◆ **Required action**
Write out, word for word, the first line of the data below and every line after it through the one containing "Chaqueta Snow Quiksilver".

--- --- ---

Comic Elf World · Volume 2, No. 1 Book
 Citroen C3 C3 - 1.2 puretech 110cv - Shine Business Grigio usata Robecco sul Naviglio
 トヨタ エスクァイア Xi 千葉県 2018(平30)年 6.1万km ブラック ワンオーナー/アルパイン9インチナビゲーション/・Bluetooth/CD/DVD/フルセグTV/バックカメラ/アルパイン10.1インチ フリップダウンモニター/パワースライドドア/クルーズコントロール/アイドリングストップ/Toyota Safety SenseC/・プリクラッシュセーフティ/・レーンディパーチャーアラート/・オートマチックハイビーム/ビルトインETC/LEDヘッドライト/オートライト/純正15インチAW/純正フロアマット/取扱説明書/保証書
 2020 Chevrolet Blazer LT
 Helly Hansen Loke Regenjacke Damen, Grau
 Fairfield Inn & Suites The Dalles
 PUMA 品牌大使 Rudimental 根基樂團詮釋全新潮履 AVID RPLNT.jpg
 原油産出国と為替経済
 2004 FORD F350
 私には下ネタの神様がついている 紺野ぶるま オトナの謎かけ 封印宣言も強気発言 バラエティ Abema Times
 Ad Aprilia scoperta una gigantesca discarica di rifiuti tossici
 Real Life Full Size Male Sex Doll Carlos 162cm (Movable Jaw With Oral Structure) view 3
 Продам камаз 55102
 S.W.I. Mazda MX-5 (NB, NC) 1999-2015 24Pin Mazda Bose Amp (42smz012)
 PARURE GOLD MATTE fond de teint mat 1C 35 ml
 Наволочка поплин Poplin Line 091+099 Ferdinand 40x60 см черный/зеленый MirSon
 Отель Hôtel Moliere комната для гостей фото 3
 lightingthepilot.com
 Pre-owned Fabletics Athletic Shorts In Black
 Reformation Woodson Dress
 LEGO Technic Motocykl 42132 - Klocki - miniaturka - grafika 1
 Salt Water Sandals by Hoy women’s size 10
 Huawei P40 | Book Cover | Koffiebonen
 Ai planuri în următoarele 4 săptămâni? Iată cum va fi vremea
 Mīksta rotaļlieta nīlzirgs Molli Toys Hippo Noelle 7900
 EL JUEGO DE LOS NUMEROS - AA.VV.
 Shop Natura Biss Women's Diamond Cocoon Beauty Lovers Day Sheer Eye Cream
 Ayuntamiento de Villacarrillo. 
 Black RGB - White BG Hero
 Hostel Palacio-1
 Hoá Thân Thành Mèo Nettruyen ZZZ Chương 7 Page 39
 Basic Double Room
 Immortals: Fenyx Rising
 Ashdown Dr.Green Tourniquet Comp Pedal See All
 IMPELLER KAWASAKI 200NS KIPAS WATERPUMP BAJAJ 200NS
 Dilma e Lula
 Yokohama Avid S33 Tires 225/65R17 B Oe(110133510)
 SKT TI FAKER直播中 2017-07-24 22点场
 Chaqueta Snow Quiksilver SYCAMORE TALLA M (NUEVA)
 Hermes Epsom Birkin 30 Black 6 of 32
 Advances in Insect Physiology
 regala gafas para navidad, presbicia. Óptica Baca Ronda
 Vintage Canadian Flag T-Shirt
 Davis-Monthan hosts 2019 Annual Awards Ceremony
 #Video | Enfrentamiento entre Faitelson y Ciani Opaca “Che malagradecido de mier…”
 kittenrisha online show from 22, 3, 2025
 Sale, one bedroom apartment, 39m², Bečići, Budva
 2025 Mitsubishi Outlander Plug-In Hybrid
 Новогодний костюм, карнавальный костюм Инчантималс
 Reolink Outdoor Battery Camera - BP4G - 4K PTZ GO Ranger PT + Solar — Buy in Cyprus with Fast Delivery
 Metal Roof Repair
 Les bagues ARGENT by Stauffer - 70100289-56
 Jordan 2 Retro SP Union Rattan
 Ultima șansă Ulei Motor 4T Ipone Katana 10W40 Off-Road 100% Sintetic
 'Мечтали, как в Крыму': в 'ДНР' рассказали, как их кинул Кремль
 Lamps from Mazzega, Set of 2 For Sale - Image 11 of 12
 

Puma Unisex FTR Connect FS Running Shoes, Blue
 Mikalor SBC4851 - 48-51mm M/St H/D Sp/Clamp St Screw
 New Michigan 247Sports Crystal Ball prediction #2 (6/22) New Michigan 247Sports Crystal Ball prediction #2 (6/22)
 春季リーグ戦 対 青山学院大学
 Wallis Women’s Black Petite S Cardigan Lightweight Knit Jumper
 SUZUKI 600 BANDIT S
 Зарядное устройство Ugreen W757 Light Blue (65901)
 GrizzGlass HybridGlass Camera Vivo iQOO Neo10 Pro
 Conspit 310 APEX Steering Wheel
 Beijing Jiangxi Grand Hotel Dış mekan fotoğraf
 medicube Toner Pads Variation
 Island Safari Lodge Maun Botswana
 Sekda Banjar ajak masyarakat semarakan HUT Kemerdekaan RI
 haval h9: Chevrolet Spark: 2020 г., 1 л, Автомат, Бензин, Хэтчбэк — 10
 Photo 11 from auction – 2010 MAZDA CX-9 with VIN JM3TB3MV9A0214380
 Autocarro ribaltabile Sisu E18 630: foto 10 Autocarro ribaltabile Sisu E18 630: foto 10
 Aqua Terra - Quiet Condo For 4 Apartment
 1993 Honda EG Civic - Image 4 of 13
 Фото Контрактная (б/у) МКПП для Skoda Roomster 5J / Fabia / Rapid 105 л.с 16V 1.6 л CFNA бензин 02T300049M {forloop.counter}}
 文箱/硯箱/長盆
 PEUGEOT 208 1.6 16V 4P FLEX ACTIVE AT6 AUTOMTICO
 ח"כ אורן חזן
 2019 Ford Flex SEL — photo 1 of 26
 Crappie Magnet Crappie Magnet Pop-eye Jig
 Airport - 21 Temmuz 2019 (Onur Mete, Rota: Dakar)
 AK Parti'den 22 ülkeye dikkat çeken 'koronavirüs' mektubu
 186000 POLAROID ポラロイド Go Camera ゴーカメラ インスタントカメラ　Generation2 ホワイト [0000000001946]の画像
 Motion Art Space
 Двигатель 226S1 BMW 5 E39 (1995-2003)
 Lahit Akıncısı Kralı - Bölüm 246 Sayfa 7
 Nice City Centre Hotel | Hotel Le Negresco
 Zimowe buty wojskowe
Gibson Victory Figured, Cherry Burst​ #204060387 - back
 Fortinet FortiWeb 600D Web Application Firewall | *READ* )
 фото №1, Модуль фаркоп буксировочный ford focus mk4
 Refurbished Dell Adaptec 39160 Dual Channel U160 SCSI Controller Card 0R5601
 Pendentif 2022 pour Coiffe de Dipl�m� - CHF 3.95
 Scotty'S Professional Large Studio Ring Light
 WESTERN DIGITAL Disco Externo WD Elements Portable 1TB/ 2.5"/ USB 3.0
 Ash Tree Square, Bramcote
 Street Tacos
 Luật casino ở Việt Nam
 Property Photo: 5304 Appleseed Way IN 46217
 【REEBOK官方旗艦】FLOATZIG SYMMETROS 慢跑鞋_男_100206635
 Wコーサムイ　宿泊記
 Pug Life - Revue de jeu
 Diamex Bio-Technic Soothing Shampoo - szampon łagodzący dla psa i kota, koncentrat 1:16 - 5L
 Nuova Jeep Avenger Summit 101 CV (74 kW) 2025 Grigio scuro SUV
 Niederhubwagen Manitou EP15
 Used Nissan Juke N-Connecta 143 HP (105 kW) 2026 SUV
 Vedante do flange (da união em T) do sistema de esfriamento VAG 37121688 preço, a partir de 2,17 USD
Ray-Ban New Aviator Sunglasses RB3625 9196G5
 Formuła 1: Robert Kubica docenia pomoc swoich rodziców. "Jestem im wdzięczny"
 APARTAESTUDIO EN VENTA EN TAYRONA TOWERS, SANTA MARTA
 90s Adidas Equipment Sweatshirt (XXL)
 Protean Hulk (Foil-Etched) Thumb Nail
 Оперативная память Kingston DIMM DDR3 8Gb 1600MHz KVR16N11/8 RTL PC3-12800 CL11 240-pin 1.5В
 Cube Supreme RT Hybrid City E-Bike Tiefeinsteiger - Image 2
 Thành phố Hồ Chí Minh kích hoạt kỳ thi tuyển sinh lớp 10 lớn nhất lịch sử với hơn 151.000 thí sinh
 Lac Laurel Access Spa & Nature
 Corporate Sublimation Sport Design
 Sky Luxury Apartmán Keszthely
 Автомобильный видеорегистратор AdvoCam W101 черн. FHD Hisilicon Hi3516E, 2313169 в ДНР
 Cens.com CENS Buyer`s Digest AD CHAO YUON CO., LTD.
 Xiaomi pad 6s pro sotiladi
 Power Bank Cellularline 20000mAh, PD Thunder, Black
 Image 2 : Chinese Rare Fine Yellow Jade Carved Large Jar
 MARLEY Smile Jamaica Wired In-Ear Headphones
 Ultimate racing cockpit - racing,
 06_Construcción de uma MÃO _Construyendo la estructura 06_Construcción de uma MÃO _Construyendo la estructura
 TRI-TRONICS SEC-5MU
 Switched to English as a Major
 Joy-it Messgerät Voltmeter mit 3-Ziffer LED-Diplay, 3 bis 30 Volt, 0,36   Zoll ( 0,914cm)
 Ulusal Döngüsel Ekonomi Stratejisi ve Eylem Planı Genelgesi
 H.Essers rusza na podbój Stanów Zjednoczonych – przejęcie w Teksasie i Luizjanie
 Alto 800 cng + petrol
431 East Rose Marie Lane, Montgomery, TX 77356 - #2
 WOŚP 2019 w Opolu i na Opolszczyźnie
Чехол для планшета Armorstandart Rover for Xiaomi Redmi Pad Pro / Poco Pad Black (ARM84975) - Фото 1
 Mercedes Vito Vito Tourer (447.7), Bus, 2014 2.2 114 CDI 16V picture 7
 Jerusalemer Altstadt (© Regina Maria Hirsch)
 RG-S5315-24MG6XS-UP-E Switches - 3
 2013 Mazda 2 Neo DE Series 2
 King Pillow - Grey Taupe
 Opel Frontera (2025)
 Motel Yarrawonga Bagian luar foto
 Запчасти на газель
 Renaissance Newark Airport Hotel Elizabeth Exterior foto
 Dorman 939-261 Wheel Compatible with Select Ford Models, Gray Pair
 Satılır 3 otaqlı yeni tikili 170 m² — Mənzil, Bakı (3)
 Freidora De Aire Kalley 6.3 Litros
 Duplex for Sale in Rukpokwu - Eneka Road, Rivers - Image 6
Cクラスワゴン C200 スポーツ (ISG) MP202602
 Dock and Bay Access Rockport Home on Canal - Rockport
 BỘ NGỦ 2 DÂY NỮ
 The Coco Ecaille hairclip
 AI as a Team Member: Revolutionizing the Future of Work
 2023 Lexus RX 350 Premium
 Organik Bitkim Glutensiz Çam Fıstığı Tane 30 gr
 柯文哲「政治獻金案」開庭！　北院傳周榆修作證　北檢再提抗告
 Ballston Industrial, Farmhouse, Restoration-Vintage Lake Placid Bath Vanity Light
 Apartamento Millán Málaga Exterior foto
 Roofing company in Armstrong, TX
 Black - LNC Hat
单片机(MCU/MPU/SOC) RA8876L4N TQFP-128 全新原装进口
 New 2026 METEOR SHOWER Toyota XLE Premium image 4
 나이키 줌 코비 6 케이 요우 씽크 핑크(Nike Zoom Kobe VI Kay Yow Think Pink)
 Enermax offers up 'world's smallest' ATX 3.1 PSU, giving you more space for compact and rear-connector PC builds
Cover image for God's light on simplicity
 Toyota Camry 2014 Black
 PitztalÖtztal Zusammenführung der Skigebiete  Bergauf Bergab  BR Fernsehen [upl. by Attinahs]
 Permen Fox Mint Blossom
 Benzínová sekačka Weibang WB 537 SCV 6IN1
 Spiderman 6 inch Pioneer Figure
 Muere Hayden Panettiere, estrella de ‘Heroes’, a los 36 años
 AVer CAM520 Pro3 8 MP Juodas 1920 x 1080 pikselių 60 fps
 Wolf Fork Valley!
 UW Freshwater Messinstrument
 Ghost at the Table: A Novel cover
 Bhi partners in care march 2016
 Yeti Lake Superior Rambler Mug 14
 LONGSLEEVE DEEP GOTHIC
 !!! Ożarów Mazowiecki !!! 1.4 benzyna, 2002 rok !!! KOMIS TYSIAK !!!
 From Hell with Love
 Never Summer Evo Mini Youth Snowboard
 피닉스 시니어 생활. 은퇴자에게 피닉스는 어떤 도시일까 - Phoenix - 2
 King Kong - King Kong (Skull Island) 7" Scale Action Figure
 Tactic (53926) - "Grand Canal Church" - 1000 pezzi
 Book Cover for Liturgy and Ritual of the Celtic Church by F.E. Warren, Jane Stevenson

--- --- ---

◆ **The completed task**
Comic Elf World · Volume 2, No. 1 Book
 Citroen C3 C3 - 1.2 puretech 110cv - Shine Business Grigio usata Robecco sul Naviglio
 トヨタ エスクァイア Xi 千葉県 2018(平30)年 6.1万km ブラック ワンオーナー/アルパイン9インチナビゲーション/・Bluetooth/CD/DVD/フルセグTV/バックカメラ/アルパイン10.1インチ フリップダウンモニター/パワースライドドア/クルーズコントロール/アイドリングストップ/Toyota Safety SenseC/・プリクラッシュセーフティ/・レーンディパーチャーアラート/・オートマチックハイビーム/ビルトインETC/LEDヘッドライト/オートライト/純正15インチAW/純正フロアマット/取扱説明書/保証書
 2020 Chevrolet Blazer LT
 Helly Hansen Loke Regenjacke Damen, Grau
 Fairfield Inn & Suites The Dalles
 PUMA 品牌大使 Rudimental 根基樂團詮釋全新潮履 AVID RPLNT.jpg
 原油産出国と為替経済
 2004 FORD F350
 私には下ネタの神様がついている 紺野ぶるま オトナの謎かけ 封印宣言も強気発言 バラエティ Abema Times
 Ad Aprilia scoperta una gigantesca discarica di rifiuti tossici
 Real Life Full Size Male Sex Doll Carlos 162cm (Movable Jaw With Oral Structure) view 3
 Продам камаз 55102
 S.W.I. Mazda MX-5 (NB, NC) 1999-2015 24Pin Mazda Bose Amp (42smz012)
 PARURE GOLD MATTE fond de teint mat 1C 35 ml
 Наволочка поплин Poplin Line 091+099 Ferdinand 40x60 см черный/зеленый MirSon
 Отель Hôtel Moliere комната для гостей фото 3
 lightingthepilot.com
 Pre-owned Fabletics Athletic Shorts In Black
 Reformation Woodson Dress
 LEGO Technic Motocykl 42132 - Klocki - miniaturka - grafika 1
 Salt Water Sandals by Hoy women’s size 10
 Huawei P40 | Book Cover | Koffiebonen
 Ai planuri în următoarele 4 săptămâni? Iată cum va fi vremea
 Mīksta rotaļlieta nīlzirgs Molli Toys Hippo Noelle 7900
 EL JUEGO DE LOS NUMEROS - AA.VV.
 Shop Natura Biss Women's Diamond Cocoon Beauty Lovers Day Sheer Eye Cream
 Ayuntamiento de Villacarrillo. 
 Black RGB - White BG Hero
 Hostel Palacio-1
 Hoá Thân Thành Mèo Nettruyen ZZZ Chương 7 Page 39
 Basic Double Room
 Immortals: Fenyx Rising
 Ashdown Dr.Green Tourniquet Comp Pedal See All
 IMPELLER KAWASAKI 200NS KIPAS WATERPUMP BAJAJ 200NS
 Dilma e Lula
 Yokohama Avid S33 Tires 225/65R17 B Oe(110133510)
 SKT TI FAKER直播中 2017-07-24 22点场
 Chaqueta Snow Quiksilver SYCAMORE TALLA M (NUEVA)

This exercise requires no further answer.